19 December 2008

Memory-Mapping Files for Fun and Profit

It's amazing that I still meet programmers who don't understand the benefits of memory-mapping files. If you're unaware of what that means, let me explain it a little bit. Traditional reading from a file involves several system calls: opening the file, seeking to the desired position and then reading or writing to the file. System calls can be slow as the operating system may have to switch to kernel mode and call into drivers to perform the IO operations. Memory-mapping a file usually has just one call, and then you are able to access the file as if the entire file had been read into a contiguous block of memory. But here is the greatest benefit (at least to me as a MMO server programmer): all processes accessing a file can use the same virtual memory.

Take the EverQuest II server for instance. The (binary) data file that describes nearly everything except collision geometry runs about 460MB. Every zone server uses that same file and we run several zone servers on one physical machine. With memory-mapping, the OS uses 460MB of virtual memory (assuming the entire file is used) just once and all zone server instances can use that same virtual memory without having to read the file into each individual instance.

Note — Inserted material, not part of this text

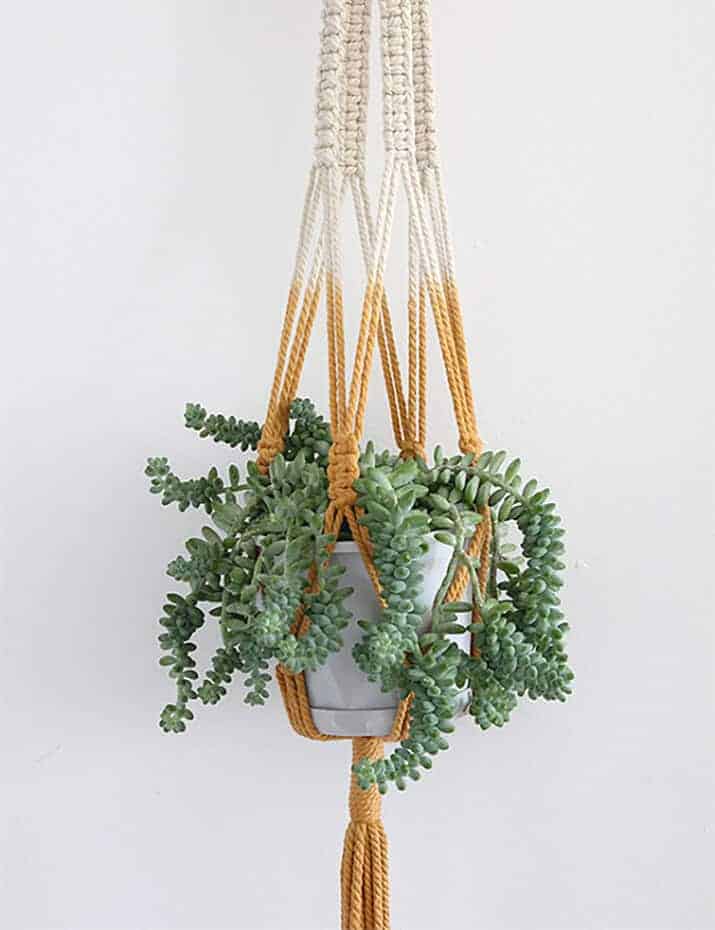 Chậu cây được treo bằng móc treo đan lưới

Like anything, there are drawbacks. Most modern operating systems use demand paging, so if you try and access a page of memory representing a part of the file that hasn't loaded yet, a page fault will be triggered and the OS will have to perform kernel-mode IO to load that page from the file. Depending on how much virtual memory your application has access to (and how spread out your accesses are), this could potentially trigger a very high number of page faults.

Another drawback is address space. A 32-bit application will only have access to less than 4GB of address space (Windows has a 2GB address space by default). If you map entire large files into memory, you are consuming this address space. This has become more and more important on the EQII servers. As I mentioned, our data file is 460MB. Since shortly after the game launched, this file has always been fully mapped into memory. That was fine back then as it was much smaller than it is today. Now, after launching our fifth expansion, the data file is now nearly one quarter of our allotted address space (and not getting any smaller).

Fortunately, the APIs for Linux (mmap) and Windows (MapViewOfFile) allow an offset and a length to be specified. This opens the door to partial memory-mapped files. However, there are some caveats. The offset cannot be just any offset; it must be aligned. On Linux the offset must be a multiple of the page size (found by getpagesize), but on Windows the offset must be a multiple of the "allocation granularity" (found by calling GetSystemInfo). The length of the mapping usually does not need to be aligned, but if you're planning a generic partial mapping solution, it's probably best to use the same alignment. Another thing to consider is that mapping parts of files as you need them will spread them all over your address space; you cannot assume that page 1 and page 2 of a file will be placed next to each other in memory if you map them separately.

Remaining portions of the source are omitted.